It's been a crazy hot and humid summer in Chicago! I know I posted sangria recipes last time, but sometimes you just don't want wine. Sometimes you just want to bring something to sip on at work or on the go. Lemonades and limeades have been key beverages my summer. Here are a couple of my favorite recipes for that. Enjoy!
This recipe was inspired by the lavender lemonade that I always get at Julius Meinl. The syrup that they use does not have that flowery soap like taste at all. It's so yummy that I had to try to make it myself.
- 5 cups of cold water
- 1 cup of fresh lemon juice (usually this takes 5 lemons, depending on size)
- 1 cup of sugar
- 2 tbs of dried lavender buds
- ice as desired
- In a medium pot, combine 1 cup of the water, sugar, and lavender on medium heat. Bring to a boil while stirring, or at least til the sugar has dissolved. Take off heat.

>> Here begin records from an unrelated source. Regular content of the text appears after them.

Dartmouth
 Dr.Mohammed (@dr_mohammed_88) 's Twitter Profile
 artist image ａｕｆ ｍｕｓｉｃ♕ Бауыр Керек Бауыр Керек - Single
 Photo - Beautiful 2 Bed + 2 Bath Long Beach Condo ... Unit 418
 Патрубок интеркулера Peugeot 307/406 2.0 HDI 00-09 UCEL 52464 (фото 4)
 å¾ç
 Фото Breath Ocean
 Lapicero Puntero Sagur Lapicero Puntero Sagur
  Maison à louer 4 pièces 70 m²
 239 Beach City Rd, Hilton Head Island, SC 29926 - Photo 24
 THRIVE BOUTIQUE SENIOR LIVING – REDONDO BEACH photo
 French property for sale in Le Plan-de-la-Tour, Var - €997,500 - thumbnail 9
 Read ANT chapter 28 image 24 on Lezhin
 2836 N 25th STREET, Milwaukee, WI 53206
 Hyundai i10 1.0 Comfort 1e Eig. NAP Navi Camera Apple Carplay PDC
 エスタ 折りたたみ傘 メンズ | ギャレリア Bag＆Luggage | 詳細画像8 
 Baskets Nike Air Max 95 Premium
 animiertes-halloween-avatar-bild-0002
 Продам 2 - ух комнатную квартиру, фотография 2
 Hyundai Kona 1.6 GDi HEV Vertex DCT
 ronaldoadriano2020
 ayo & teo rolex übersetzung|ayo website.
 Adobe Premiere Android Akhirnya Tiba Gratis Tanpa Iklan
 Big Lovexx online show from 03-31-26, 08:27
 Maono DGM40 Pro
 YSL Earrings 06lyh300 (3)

- Stir in lemon juice. Let it stand for 10 mins.
- In a pitcher, add the rest of the water.
- Carefully strain the lemonade mixture into the pitcher of water. Stir.
- Place in refrigerator before serving. If you can't wait (cuz I usually can't) add ice as desired.
The one thing that I always look forward to is Farmers Markets that are all over the city. I've been in this cherry kick for awhile now. I had to incorporate this with a limeade! After a few tries I finally perfected the recipe!
- 4 cups of cold water
- 1 1/2 cups of sugar
- 1 to 1 1/2 lbs of cherries, pitted
- 1 cup of fresh lime juice (this took about 12 - 14 limes)
- ice as desired
- In a medium pot, combine 2 cups of the water, sugar, cherries, and lime juice on a medium heat.
- While the liquid starts to heat up, gently mash the cherries to let out their essence.
- Bring to a boil while stirring, or until sugar has dissolved. Take of heat and let it stand til it cools.
- In a pitcher add the rest of the water.
- Carefully strain limade mixture into the pitcher. Stir.
- Place in refrigerator or add ice as desired before serving.
**FYI: In case you all have noticed, I strain the lemonade mixture quicker instead of letting it cool like the limeade. The reason being is because I found out the longer you let the lavender buds steep, the more perfumey it starts to taste.